I can see why you are getting crappy pictures as the camera have does not like high ISO and the image will be very noisy.

You have two choices

1) put my light into the room through the use of any available light (available light also means flash, window, lights, etc)
2) get a faster lens. If you get a bigger F stop then you can get better pictures in low light, just remember with that there is a trade of that your DOF will be less.

When I shoot indoor at events I will use TV most most of the time, even when I have flash on board. The reason being is that the only factor you can control is how you want to capture the action as people are generally moving around. i.e. do you want them blurred or sharp...

The camera will take care of the rest.

If you use AV with flash, the camera will try and expose the entire image so the shutter will stay open to try and capture the dark areas that the flash didnt get.
February 24th, 2012
When my shutter speed is too low in AP I look at my A, S& iso settings, switch to manual and plug them in, then make sure my SS is at the slowest 1/60, and bump my iso & aperture accordingly. I often find indoors & night that I don't have to adjust my A or ISO, just go over to manual and put that SS at 1/60. My camera seems to overcompensate the shutter speed for low light in AP.


Hope that makes sense, typing on iPod with one thumb is not so awesome!
February 24th, 2012
@agima how do you mean, use flash correctly! i just feel like my images turn out.. wrong.. with flash! i don't think i'm doing it right!
February 24th, 2012
@kaseycarroll There are right ways to use flash and wrong ways.

If you look through my project you will see a heap of examples about lighting.

It might give you some ideas and feel free to ask questions against my photos and I can explain how I did some of my lighting.
February 24th, 2012
@kaseycarroll hi kasey, as a quick tip:
i don't know exactly what you are doing, so i will just throw a common solution. it's better to bounce the flash in the ceiling or white wall. Bounce in a wall usually results in a more pleasant light than the ceiling (which most of the times results in shadows in the eyes of the people). But all of those, used as a fill flash are better than a shaky photo with no flash.

I am in the same position as you. Flash can be difficult. If the light output is too strong, it kills most of the ambient light and the pics look unnatural. If the flash is too strong, get it in manual mode and reduce the flash power (or get physically farther from the subject you are shooting and zoom in to compensate) and bump up ISO and the shutter speed to 1/80 or something.

The ideal is not to have the impression the pic was taken with flash. It means when this happens that the flash is so soft it only helps the camera to register the image still. Also with flash on (even with less power), you can easily use lower shutter speed if necessary and still get a sharp image.
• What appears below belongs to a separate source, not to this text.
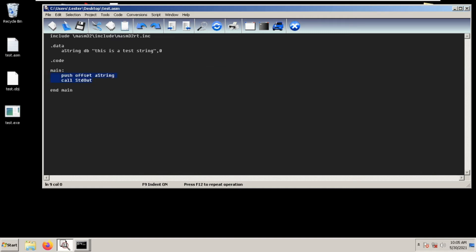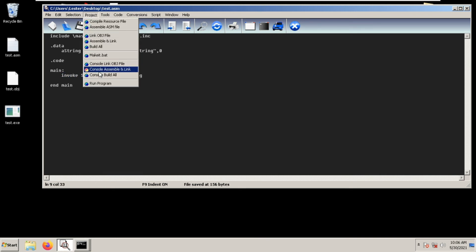So there is an instruction called invoke. What we do is type invoke and then the name of the function — in this case it's called std out — and then the offset of the string. So this is equivalent to doing push offset, a string, call std out, but only in one line. Let's save — project, console, build all, no errors.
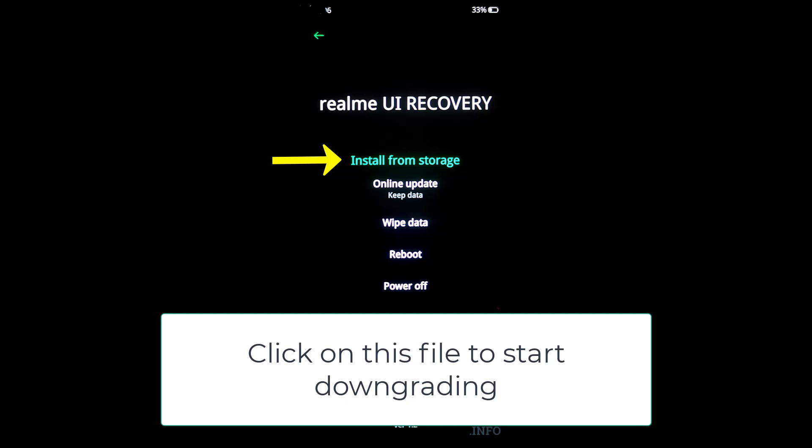So you already know how to downgrade Android 11 to 10 for Realme phones. Good luck! If you find it interesting, please click the like button and subscribe to the channel to support me. For now, hello and see you in the next videos.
Other hint is to color your flash. If the flash light is not matching with the light you have in your scene, then for example put some yellow cellophane in front of it and see what happens!

And @agima is right. It is common to hear
"i don't like to shoot with flash. I preffer natural light"

I have found that most of this statements are from people who don't know flash, fear it and leave it be. As it is with people who don't know Photoshop and translate that with "i preffer the chalenge of doing it right on camera" (or: i am sticking to what i know, where i feel safe).
February 24th, 2012
I have very little experience with using a flash and only have an in-camera flash at the moment. I have enjoyed playing around with different light sources though and would agree with @2sweetladybugs I try to use the widest aperture I can achieve, which on my lenses is F2.8. If that isn't enough and I shoot stationary object, I use a tripod (I only have a small table top one at the moment). Not saying that my indoor pictures are great, but I often like the quality of candlelight for example. Learning to use flash is on my to-do list though!!
February 24th, 2012
@gabrielklee I am not sure yellow gel is the correct method. :)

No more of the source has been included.